Troubleshooting tip: if running python starts Python 2.7 (legacy), prefer calling python3 or adjust PATH to point to the modern Python.


2) What is venv and why use it?

  • venv creates an isolated directory with its own Python interpreter and site-packages.
  • It prevents global package collisions: you can have project A depend on networkx 2.x and project B on networkx 3.x without fights.
  • It keeps your system Python clean. When you break things inside a venv, you just delete the folder and restart. No surgery required.

Micro-explanation: In C you might compile multiple programs linking different versions of libraries with care. venv gives you that per-project isolation automatically for Python packages.


3) Create and activate a venv (step-by-step)

From your project folder, pick a name for the venv (common: venv or .venv):

macOS/Linux

# create
python3 -m venv .venv

# activate
source .venv/bin/activate

# deactivate later
deactivate

Windows (PowerShell)

# create
python -m venv .venv

# activate
.\.venv\Scripts\Activate.ps1
# or (old style)
.\.venv\Scripts\activate.bat

# deactivate
deactivate

When activated, your shell prompt usually prefixes with the venv name — a friendly reminder you are inside the sandbox.

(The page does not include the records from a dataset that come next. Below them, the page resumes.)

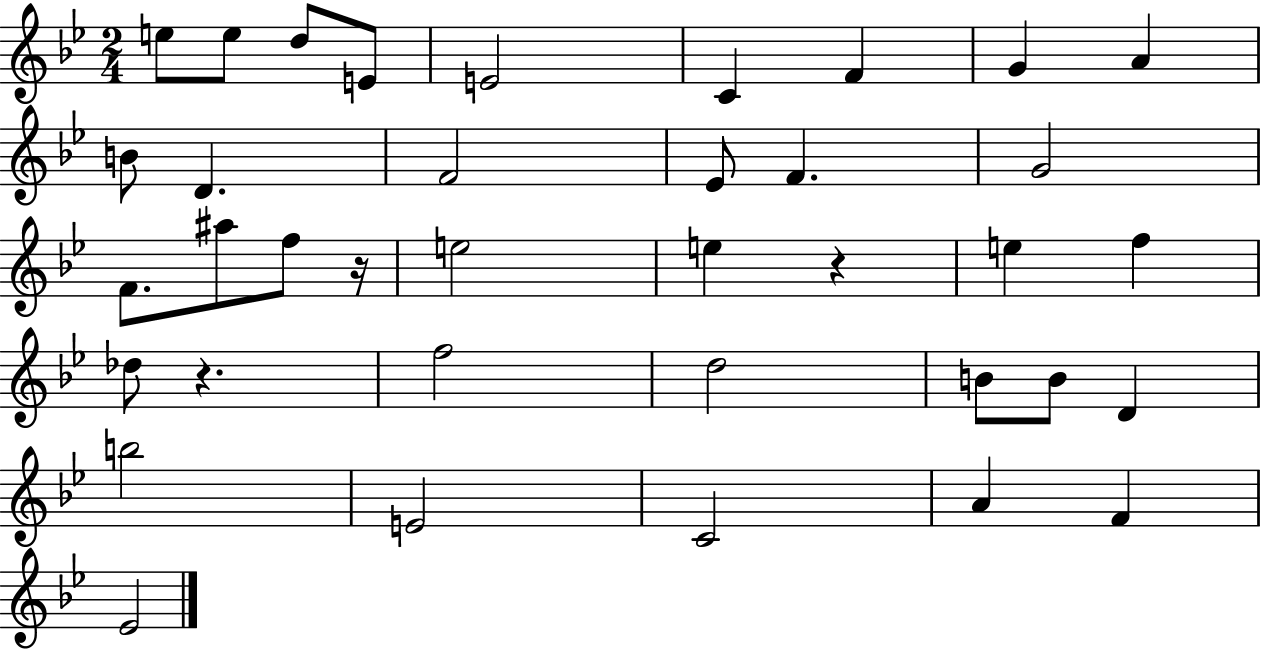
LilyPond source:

{
  \clef treble
  \numericTimeSignature
  \time 2/4
  \key bes \major
  \repeat volta 2 { e''8 e''8 d''8 e'8 | e'2 | c'4 f'4 | g'4 a'4 | \break b'8 d'4. | f'2 | ees'8 f'4. | g'2 | \break f'8. ais''8 f''8 r16 | e''2 | e''4 r4 | e''4 f''4 | \break des''8 r4. | f''2 | d''2 | b'8 b'8 d'4 | \break b''2 | e'2 | c'2 | a'4 f'4 | \break ees'2 | } \bar "|."
}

Installing packages inside venv

pip install networkx numpy
# freeze versions for reproducibility
pip freeze > requirements.txt

Recreate the environment (on another machine or later):

python -m venv .venv
source .venv/bin/activate
pip install -r requirements.txt

4) Quick demo: reimplementing a small C idea in Python

Remember writing an adjacency list in C? In Python it's one-liner concise and readable:

from collections import defaultdict

graph = defaultdict(list)
# add edge u->v
graph['A'].append('B')
graph['A'].append('C')

Or use networkx for more features:

import networkx as nx
G = nx.DiGraph()
G.add_edge('A','B')
G.add_edge('A','C')
print(list(G.successors('A')))

See? No malloc, no free, no pointer arithmetic. Your C experience still helps because you understand the tradeoffs: Python's dicts/sets are powerful but have different performance and memory characteristics.


5) Extra practical tips

  • Use a descriptive venv name if you juggle multiple versions, e.g., .venv-py311.
  • Commit requirements.txt to your repo, not the venv folder.
  • Want multiple Python versions? Try pyenv alongside venvs.
  • Virtualenv vs venv: venv is built-in and usually enough for CS50 projects. virtualenv gives some extras but you rarely need them.
  • If Windows blocks Activate.ps1 due to execution policy, run PowerShell as admin and set: Set-ExecutionPolicy -ExecutionPolicy RemoteSigned -Scope CurrentUser.

Key takeaways

  • Install Python using the method that matches your OS and workflow; verify with python3 --version.
  • Always create a venv per project: python3 -m venv .venv then activate.
  • Use pip and requirements.txt to manage dependencies reproducibly.
  • Your C data structure knowledge transfers: Python hides memory management but the complexity and tradeoffs remain.

This is the moment where the concept finally clicks: set up the environment first, then code fearlessly.


Final micro-assignments (5 minutes each)

  1. Install Python and create a venv for a new folder called cs50_py.
  2. Activate the venv and install networkx.
  3. Write a 10-line script that constructs a small graph and prints neighbors.
  4. pip freeze > requirements.txt and add it to a git repo (but not the .venv folder).

Go on. Do that now. Then come back and we will port one of your C implementations to Python and compare runtime and memory behavior like the pros you are becoming.